To reduce long pauses, I wonder if we could first traverse and collect objects to unlink, and then post a timer to do the actual unlink in a few seconds. Unlinking and deleting for example dom nodes is not very fast.
Need to evaluate this.
Does it need to be a timer? Posting to the event loop might be enough to respond to a user interaction.
posting to event loop happens probably too soon.
er, I mean handling of the runnable in the event loop happens probably too soon.
Created attachment 572831 [details] [diff] [review] WIP This is anyway using runnables. The patch is hackish, but something I wanted to try out. It splits xpcom object unlink to batches of 512 releases.
This sounds like it is worth investigating. When looking at CC times on my own, unlinking is the only thing that ever takes much time aside from graph building. Peter mentioned some kind of caching table of weak pointers that can decide that a weak pointer it holds should become strong. At least, that was my understanding. It seems like that would doom any effort to allow the browser to run in between computing dead objects and freeing them. Any time an object is revived this way, the entire set of dead objects has to be invalidated because any of them could have become live again. Furthermore, the set of dead objects can't just be thrown away because it is possible that the garbage includes a real dead cycle that we'll leak. That can be solved either by pausing the browser again and running a special mini-CC just on the garbage we found or by pushing all of the garbage back into the purple buffer.
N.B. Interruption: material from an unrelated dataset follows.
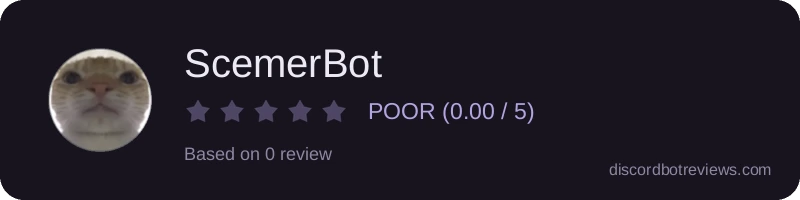 Rating widget preview for ScemerBot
So, in some cases, like when closing a large, non-js-heavy web page, unrooting nsISupports objects can take almost 30% of the CC time on an opt linux build. Unfortunately tryserver shows that the patch has major problems. I'll investigate what and why.
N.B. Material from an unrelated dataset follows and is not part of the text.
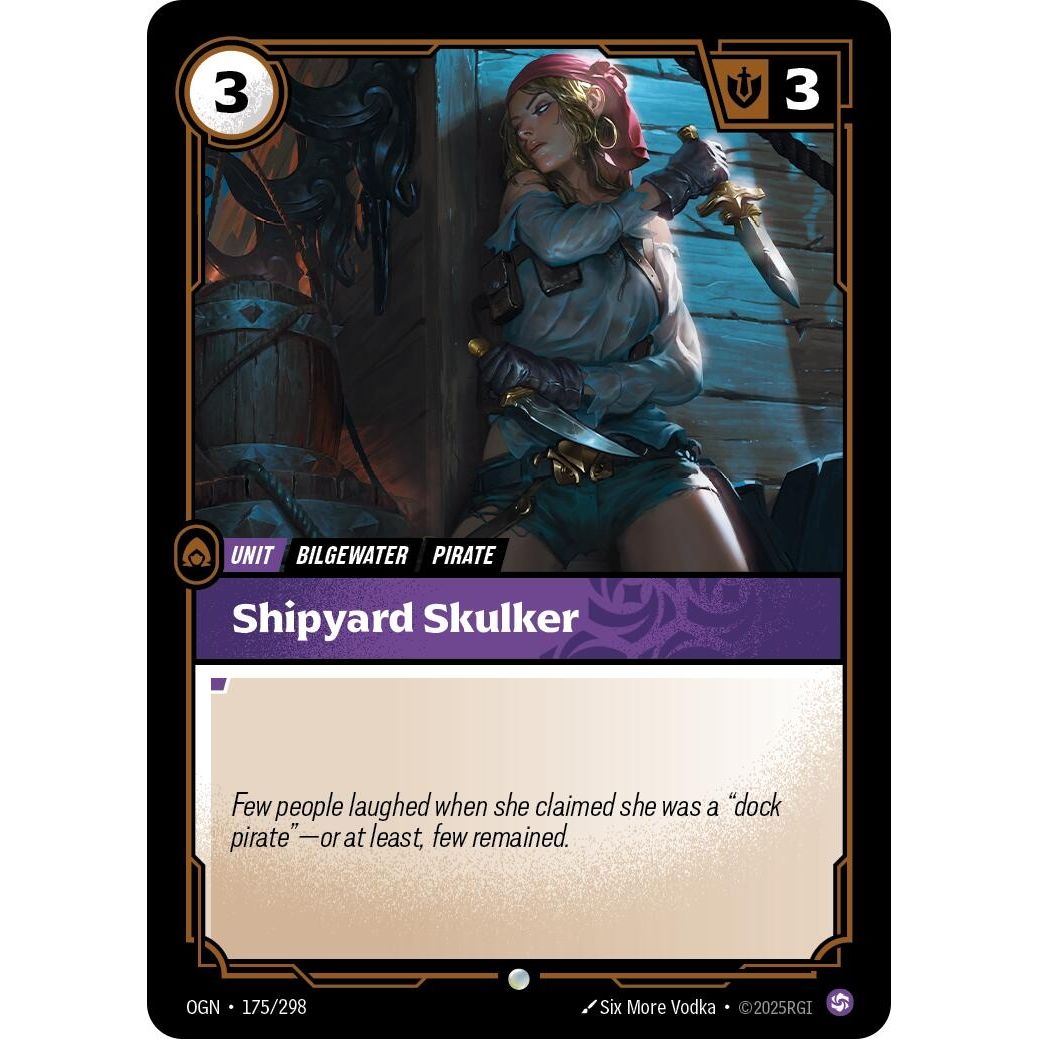 Image for Shipyard Skulker (175/298) (OGN) - Riftbound: League of Legends Trading Card Game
(In reply to Olli Pettay [:smaug] from comment #8) > So, in some cases, like when closing a large, non-js-heavy web page, > unrooting nsISupports objects can > take almost 30% of the CC time on an opt linux build. Apparently not always only non-js-heavy. When I closed a tab which had Facebook loaded, releasing/unrooting nsISupports objects took 16ms.
Created attachment 573177 [details] [diff] [review] WIP2 Adds a null checks. https://tbpl.mozilla.org/?tree=Try&rev=31d55cb3ec1c
Interesting. So I guess CollectWhite time is mostly taken up by Unroot?
Created attachment 573193 [details] [diff] [review] WIP3 The previous one doesn't pass on debug builds. Changing the assertion check a bit, hopefully the crash is about that. I didn't yet look at what could have caused that ::PreCreate problem. Something to do with XBL, I think.
(In reply to Andrew McCreight [:mccr8] from comment #11) > Interesting. So I guess CollectWhite time is mostly taken up by Unroot? I think it depends on the case. Releasing and possibly deleting for example DOM nodes is quite expensive, but unrooting some other objects can be a lot faster.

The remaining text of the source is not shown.